[Task requirements]:
Each entry below is to be duplicated verbatim.

[Data supplied]:
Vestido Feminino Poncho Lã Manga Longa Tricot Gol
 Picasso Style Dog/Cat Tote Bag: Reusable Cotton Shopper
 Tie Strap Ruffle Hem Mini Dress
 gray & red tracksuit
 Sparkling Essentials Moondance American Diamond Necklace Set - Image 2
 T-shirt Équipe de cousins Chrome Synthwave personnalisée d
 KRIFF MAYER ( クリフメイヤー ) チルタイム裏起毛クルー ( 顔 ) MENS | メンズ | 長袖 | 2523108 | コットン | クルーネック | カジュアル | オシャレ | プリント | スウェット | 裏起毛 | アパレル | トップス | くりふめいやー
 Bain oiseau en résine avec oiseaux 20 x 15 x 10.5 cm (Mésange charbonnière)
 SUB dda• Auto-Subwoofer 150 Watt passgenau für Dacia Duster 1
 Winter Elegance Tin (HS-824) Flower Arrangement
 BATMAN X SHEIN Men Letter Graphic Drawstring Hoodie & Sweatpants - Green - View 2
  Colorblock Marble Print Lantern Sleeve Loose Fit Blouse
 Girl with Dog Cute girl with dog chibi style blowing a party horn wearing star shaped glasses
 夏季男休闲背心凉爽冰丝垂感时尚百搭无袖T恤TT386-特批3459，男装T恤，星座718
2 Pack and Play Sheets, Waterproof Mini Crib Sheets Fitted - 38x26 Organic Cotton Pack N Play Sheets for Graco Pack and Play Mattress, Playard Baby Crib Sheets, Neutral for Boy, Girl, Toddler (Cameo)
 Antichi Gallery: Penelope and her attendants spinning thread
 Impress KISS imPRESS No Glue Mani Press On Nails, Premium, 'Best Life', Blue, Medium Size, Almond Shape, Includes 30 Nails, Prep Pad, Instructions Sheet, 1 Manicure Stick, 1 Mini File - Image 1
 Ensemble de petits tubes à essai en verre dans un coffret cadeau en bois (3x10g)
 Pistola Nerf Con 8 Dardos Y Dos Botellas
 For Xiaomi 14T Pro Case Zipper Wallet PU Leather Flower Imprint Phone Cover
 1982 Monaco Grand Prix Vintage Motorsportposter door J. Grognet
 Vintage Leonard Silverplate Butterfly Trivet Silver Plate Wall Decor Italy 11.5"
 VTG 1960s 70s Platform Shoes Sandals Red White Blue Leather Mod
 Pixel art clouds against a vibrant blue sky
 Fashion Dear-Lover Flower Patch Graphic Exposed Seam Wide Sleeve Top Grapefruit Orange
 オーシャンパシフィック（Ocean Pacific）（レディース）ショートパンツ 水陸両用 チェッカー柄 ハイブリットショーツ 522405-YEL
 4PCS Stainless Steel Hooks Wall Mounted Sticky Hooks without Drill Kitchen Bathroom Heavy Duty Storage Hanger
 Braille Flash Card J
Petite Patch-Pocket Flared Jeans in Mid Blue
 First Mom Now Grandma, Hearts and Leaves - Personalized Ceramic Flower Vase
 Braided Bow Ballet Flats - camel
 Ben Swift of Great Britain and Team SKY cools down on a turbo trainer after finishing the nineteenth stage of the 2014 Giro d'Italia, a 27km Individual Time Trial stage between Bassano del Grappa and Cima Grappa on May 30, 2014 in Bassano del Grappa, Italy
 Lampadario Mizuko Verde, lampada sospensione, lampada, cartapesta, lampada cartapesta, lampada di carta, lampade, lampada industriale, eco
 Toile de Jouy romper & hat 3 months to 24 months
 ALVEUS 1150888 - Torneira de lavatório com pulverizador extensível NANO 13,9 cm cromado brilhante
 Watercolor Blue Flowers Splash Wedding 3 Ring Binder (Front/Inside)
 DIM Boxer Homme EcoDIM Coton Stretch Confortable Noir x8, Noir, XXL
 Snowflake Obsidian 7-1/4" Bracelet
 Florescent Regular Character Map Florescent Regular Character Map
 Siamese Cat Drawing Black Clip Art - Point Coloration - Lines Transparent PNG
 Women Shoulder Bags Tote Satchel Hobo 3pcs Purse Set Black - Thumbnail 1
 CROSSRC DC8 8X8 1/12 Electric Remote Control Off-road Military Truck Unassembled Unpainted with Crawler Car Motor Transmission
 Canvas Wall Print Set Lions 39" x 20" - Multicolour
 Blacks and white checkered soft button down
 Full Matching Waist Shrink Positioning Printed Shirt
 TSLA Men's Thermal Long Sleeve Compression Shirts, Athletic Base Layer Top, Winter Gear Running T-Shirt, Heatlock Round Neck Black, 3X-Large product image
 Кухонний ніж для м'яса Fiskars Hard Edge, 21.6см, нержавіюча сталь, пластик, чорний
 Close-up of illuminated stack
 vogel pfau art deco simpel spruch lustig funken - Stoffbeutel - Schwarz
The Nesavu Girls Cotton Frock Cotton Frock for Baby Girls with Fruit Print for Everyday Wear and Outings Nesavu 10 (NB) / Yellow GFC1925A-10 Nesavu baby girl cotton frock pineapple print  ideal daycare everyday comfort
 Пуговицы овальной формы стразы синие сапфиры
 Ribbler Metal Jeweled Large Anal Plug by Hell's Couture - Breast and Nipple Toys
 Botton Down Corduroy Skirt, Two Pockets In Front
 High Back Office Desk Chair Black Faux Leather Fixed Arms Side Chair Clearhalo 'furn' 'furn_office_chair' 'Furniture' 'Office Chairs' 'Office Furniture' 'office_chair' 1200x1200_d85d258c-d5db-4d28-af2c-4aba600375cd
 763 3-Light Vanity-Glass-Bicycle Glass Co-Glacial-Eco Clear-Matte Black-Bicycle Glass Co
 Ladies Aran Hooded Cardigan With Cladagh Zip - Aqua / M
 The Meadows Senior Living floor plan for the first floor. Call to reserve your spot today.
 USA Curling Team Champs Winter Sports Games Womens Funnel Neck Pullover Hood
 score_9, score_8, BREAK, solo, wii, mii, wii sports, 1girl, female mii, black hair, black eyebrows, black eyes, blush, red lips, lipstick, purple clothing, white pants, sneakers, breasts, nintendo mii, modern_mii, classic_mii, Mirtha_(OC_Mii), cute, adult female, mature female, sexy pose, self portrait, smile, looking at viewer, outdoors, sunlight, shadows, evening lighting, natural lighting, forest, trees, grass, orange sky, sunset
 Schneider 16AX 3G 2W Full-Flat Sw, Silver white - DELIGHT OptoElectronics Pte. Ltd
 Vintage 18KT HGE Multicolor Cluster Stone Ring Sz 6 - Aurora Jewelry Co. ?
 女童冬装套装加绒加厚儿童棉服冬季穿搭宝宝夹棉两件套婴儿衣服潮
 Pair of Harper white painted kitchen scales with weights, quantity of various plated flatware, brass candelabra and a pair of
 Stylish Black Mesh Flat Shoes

[Task answer]:
Vestido Feminino Poncho Lã Manga Longa Tricot Gol
 Picasso Style Dog/Cat Tote Bag: Reusable Cotton Shopper
 Tie Strap Ruffle Hem Mini Dress
 gray & red tracksuit
 Sparkling Essentials Moondance American Diamond Necklace Set - Image 2
 T-shirt Équipe de cousins Chrome Synthwave personnalisée d
 KRIFF MAYER ( クリフメイヤー ) チルタイム裏起毛クルー ( 顔 ) MENS | メンズ | 長袖 | 2523108 | コットン | クルーネック | カジュアル | オシャレ | プリント | スウェット | 裏起毛 | アパレル | トップス | くりふめいやー
 Bain oiseau en résine avec oiseaux 20 x 15 x 10.5 cm (Mésange charbonnière)
 SUB dda• Auto-Subwoofer 150 Watt passgenau für Dacia Duster 1
 Winter Elegance Tin (HS-824) Flower Arrangement
 BATMAN X SHEIN Men Letter Graphic Drawstring Hoodie & Sweatpants - Green - View 2
  Colorblock Marble Print Lantern Sleeve Loose Fit Blouse
 Girl with Dog Cute girl with dog chibi style blowing a party horn wearing star shaped glasses
 夏季男休闲背心凉爽冰丝垂感时尚百搭无袖T恤TT386-特批3459，男装T恤，星座718
2 Pack and Play Sheets, Waterproof Mini Crib Sheets Fitted - 38x26 Organic Cotton Pack N Play Sheets for Graco Pack and Play Mattress, Playard Baby Crib Sheets, Neutral for Boy, Girl, Toddler (Cameo)
 Antichi Gallery: Penelope and her attendants spinning thread
 Impress KISS imPRESS No Glue Mani Press On Nails, Premium, 'Best Life', Blue, Medium Size, Almond Shape, Includes 30 Nails, Prep Pad, Instructions Sheet, 1 Manicure Stick, 1 Mini File - Image 1
 Ensemble de petits tubes à essai en verre dans un coffret cadeau en bois (3x10g)
 Pistola Nerf Con 8 Dardos Y Dos Botellas
 For Xiaomi 14T Pro Case Zipper Wallet PU Leather Flower Imprint Phone Cover
 1982 Monaco Grand Prix Vintage Motorsportposter door J. Grognet
 Vintage Leonard Silverplate Butterfly Trivet Silver Plate Wall Decor Italy 11.5"
 VTG 1960s 70s Platform Shoes Sandals Red White Blue Leather Mod
 Pixel art clouds against a vibrant blue sky
 Fashion Dear-Lover Flower Patch Graphic Exposed Seam Wide Sleeve Top Grapefruit Orange
 オーシャンパシフィック（Ocean Pacific）（レディース）ショートパンツ 水陸両用 チェッカー柄 ハイブリットショーツ 522405-YEL
 4PCS Stainless Steel Hooks Wall Mounted Sticky Hooks without Drill Kitchen Bathroom Heavy Duty Storage Hanger
 Braille Flash Card J
Petite Patch-Pocket Flared Jeans in Mid Blue
 First Mom Now Grandma, Hearts and Leaves - Personalized Ceramic Flower Vase
 Braided Bow Ballet Flats - camel
 Ben Swift of Great Britain and Team SKY cools down on a turbo trainer after finishing the nineteenth stage of the 2014 Giro d'Italia, a 27km Individual Time Trial stage between Bassano del Grappa and Cima Grappa on May 30, 2014 in Bassano del Grappa, Italy
 Lampadario Mizuko Verde, lampada sospensione, lampada, cartapesta, lampada cartapesta, lampada di carta, lampade, lampada industriale, eco
 Toile de Jouy romper & hat 3 months to 24 months
 ALVEUS 1150888 - Torneira de lavatório com pulverizador extensível NANO 13,9 cm cromado brilhante
 Watercolor Blue Flowers Splash Wedding 3 Ring Binder (Front/Inside)
 DIM Boxer Homme EcoDIM Coton Stretch Confortable Noir x8, Noir, XXL
 Snowflake Obsidian 7-1/4" Bracelet
 Florescent Regular Character Map Florescent Regular Character Map
 Siamese Cat Drawing Black Clip Art - Point Coloration - Lines Transparent PNG
 Women Shoulder Bags Tote Satchel Hobo 3pcs Purse Set Black - Thumbnail 1
 CROSSRC DC8 8X8 1/12 Electric Remote Control Off-road Military Truck Unassembled Unpainted with Crawler Car Motor Transmission
 Canvas Wall Print Set Lions 39" x 20" - Multicolour
 Blacks and white checkered soft button down
 Full Matching Waist Shrink Positioning Printed Shirt
 TSLA Men's Thermal Long Sleeve Compression Shirts, Athletic Base Layer Top, Winter Gear Running T-Shirt, Heatlock Round Neck Black, 3X-Large product image
 Кухонний ніж для м'яса Fiskars Hard Edge, 21.6см, нержавіюча сталь, пластик, чорний
 Close-up of illuminated stack
 vogel pfau art deco simpel spruch lustig funken - Stoffbeutel - Schwarz
The Nesavu Girls Cotton Frock Cotton Frock for Baby Girls with Fruit Print for Everyday Wear and Outings Nesavu 10 (NB) / Yellow GFC1925A-10 Nesavu baby girl cotton frock pineapple print  ideal daycare everyday comfort
 Пуговицы овальной формы стразы синие сапфиры
 Ribbler Metal Jeweled Large Anal Plug by Hell's Couture - Breast and Nipple Toys
 Botton Down Corduroy Skirt, Two Pockets In Front
 High Back Office Desk Chair Black Faux Leather Fixed Arms Side Chair Clearhalo 'furn' 'furn_office_chair' 'Furniture' 'Office Chairs' 'Office Furniture' 'office_chair' 1200x1200_d85d258c-d5db-4d28-af2c-4aba600375cd
 763 3-Light Vanity-Glass-Bicycle Glass Co-Glacial-Eco Clear-Matte Black-Bicycle Glass Co
 Ladies Aran Hooded Cardigan With Cladagh Zip - Aqua / M
 The Meadows Senior Living floor plan for the first floor. Call to reserve your spot today.
 USA Curling Team Champs Winter Sports Games Womens Funnel Neck Pullover Hood
 score_9, score_8, BREAK, solo, wii, mii, wii sports, 1girl, female mii, black hair, black eyebrows, black eyes, blush, red lips, lipstick, purple clothing, white pants, sneakers, breasts, nintendo mii, modern_mii, classic_mii, Mirtha_(OC_Mii), cute, adult female, mature female, sexy pose, self portrait, smile, looking at viewer, outdoors, sunlight, shadows, evening lighting, natural lighting, forest, trees, grass, orange sky, sunset
 Schneider 16AX 3G 2W Full-Flat Sw, Silver white - DELIGHT OptoElectronics Pte. Ltd
 Vintage 18KT HGE Multicolor Cluster Stone Ring Sz 6 - Aurora Jewelry Co. ?
 女童冬装套装加绒加厚儿童棉服冬季穿搭宝宝夹棉两件套婴儿衣服潮
 Pair of Harper white painted kitchen scales with weights, quantity of various plated flatware, brass candelabra and a pair of
 Stylish Black Mesh Flat Shoes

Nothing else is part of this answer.